Matheny also appreciated the opportunity to engage with the local culture and meet Japanese nationals, which provided her with valuable insights. Working alongside Japanese contractors, she observed their safety management systems, which made her job easier and underscored the importance of safety in the workplace.

Matheny noted, “There’s is a high level of organization and dedication to safety within the Japanese construction industry.”

In December 2023, Matheny arrived at TAM. Transatlantic Division, Safety and Occupational Chief, Kevin Raposa said, “Having worked with Vanessa in the past, I knew her experience as a safety professional, working OCONUS, along with her strong work ethic, can-do attitude, and fresh ideas, made her the perfect fit for TAM.”

Meeting Raposa’s expectations, she is quickly moving forward to implement her ideas and contribute to the enhancement of the safety program within the district. Looking ahead, Matheny is already planning events for National Safety Month in June.

Matheny said, “I have many activities planned for Safety Week in June. This includes, fire drills, CPR and first aid training, fire extinguisher drills, and other optional or required trainings. The safety office will also organize a health fair focusing on ergonomics, employee assistance programs, and other relevant topics for employee health and safety.”

All of those activities are geared towards keeping the district staff engaged in CE-SOHMS and working towards   the Army Star certification,” said Matheny.

To achieve this objective, Matheny recognizes the importance of educating the district staff about CE-SOHMS and the requirements for Army Star certification.
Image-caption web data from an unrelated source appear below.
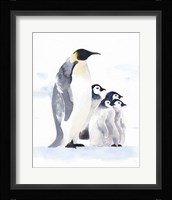Emperor Penguins I Framed Print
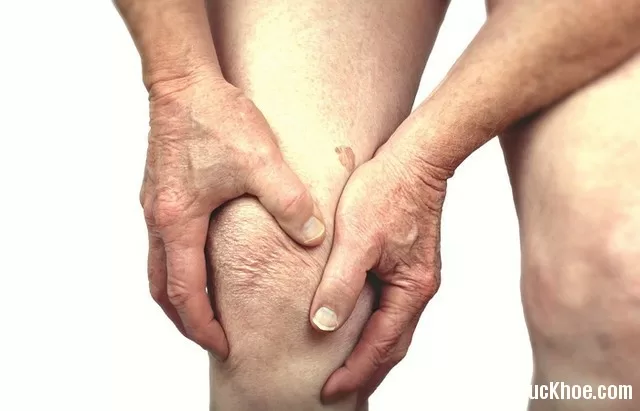 Bài thuốc giúp giảm đua nhức khớp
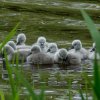 Neun Schwanenkinder sind geschlüpft. 18.05.2023 Fotos Christian Sühs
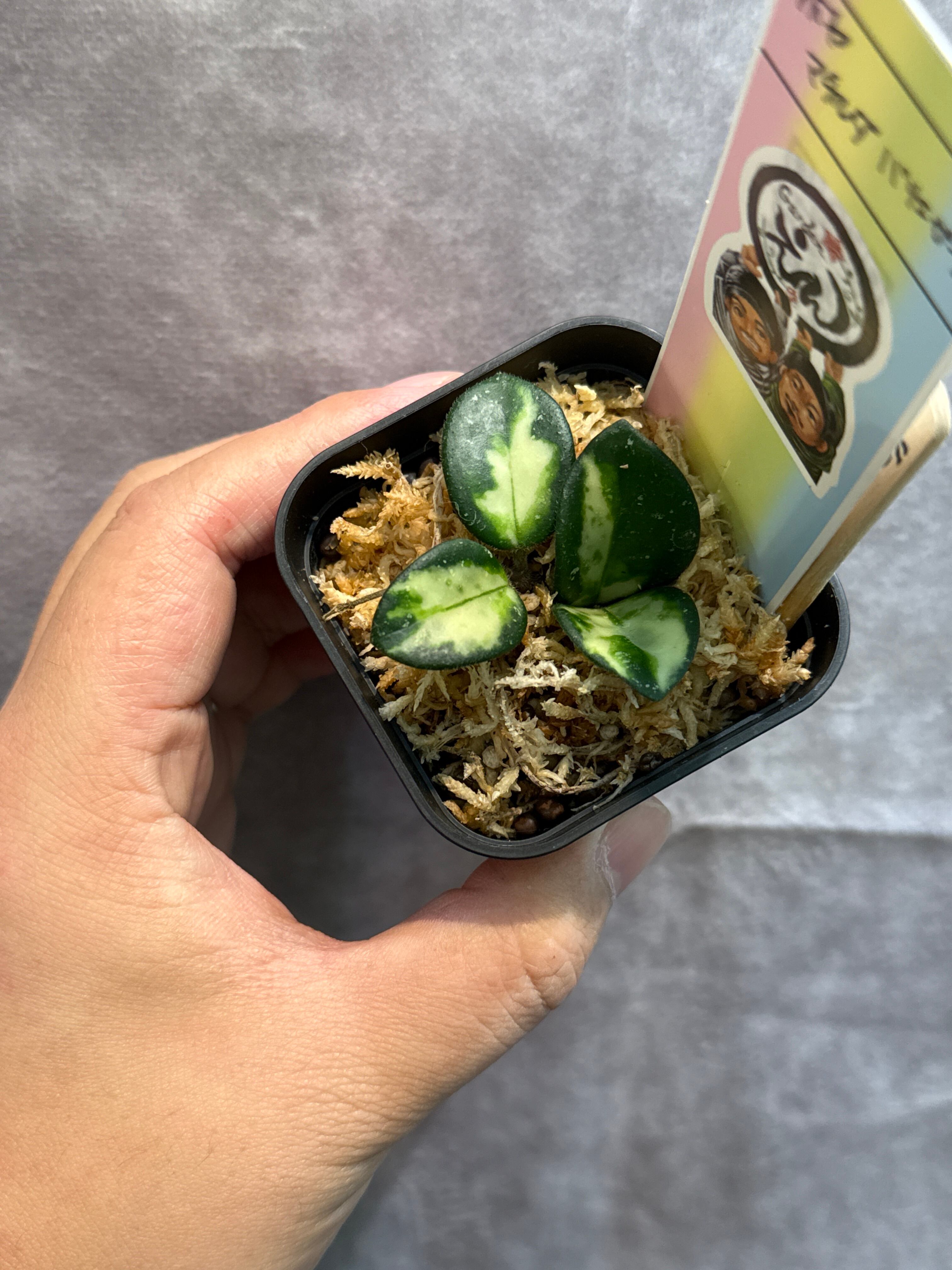 ③ ホヤ マチルダ斑入り | Gardenえん 【観葉熱帯植物】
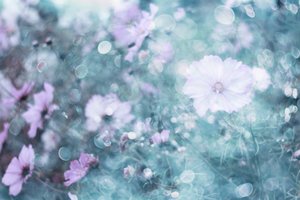 Bløde pastelfarvede kosmosblomster af Delphine Devos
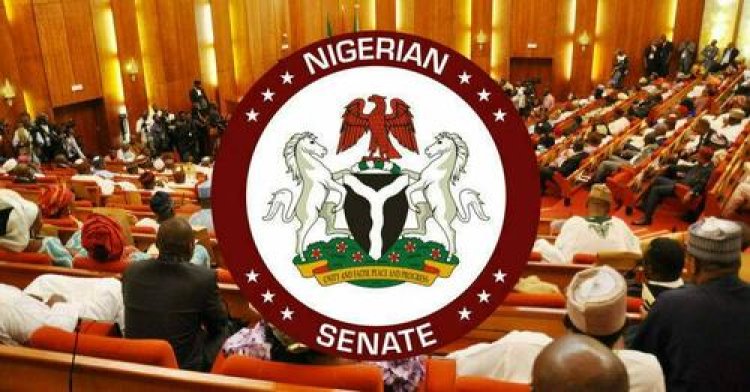 Senate Approves Establishment of Federal University of Health Sciences and Technology Tsafe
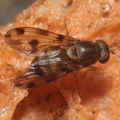 Drosophila pilimana Manuwai 1070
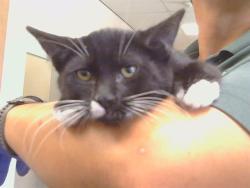 Shelter Stray Male Cat last seen , 3839 Bradshaw Rd, Sacramento, CA 95827, USA
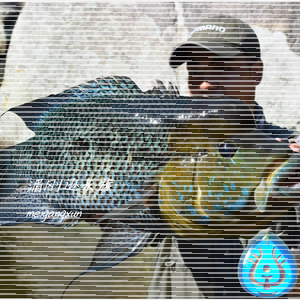 稀有野生进口南美大型原生慈鲷黄金火口热带淡水凶猛观赏鱼活体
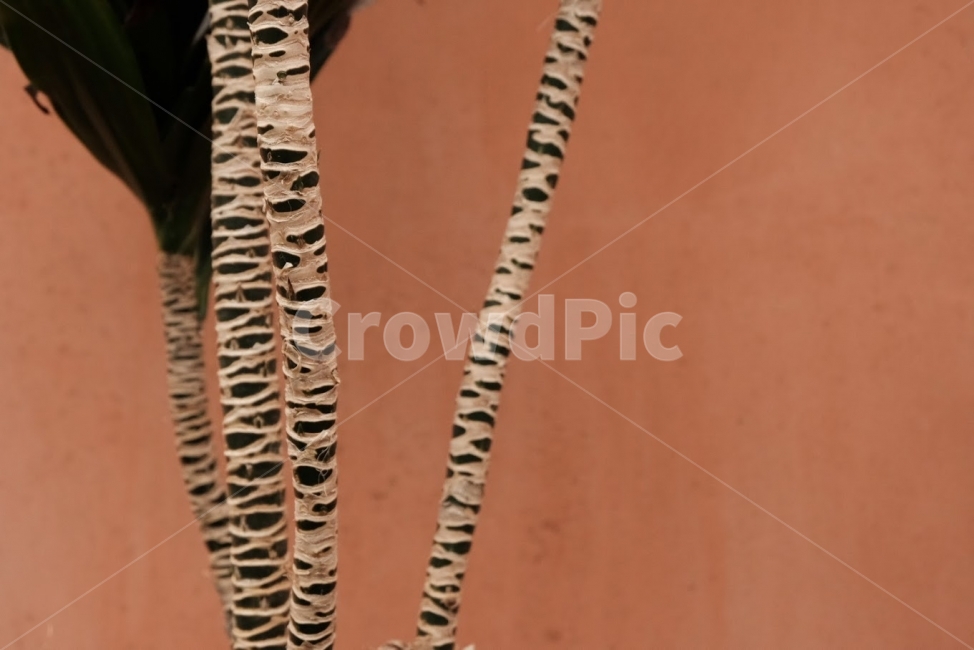 나무,줄기,무늬,나무무늬,특이한무늬,배경,살색,식물,자연,plants,nature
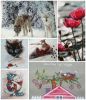 Collage_20221229_142206.thumb.jpg.16384b532a08ac7a7210a83805793527.jpg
Matheny said, “The objective is to create a culture where safety is prioritized and ingrained into daily operations.”

Matheny’s proactive attitude and willingness to take initiative are valuable assets in fostering a culture of continuous improvement in safety and occupational health. She understands the importance of trying new approaches and learning from both successes and failures.

Matheny said, “I have a lot of ideas that I’m willing to try. If it doesn’t work, at least I know I tried and can move on to the next idea.” Matheny’s mindset of not letting fear hold her back from pursuing her ideas aligns well with the beliefs of innovation and progress.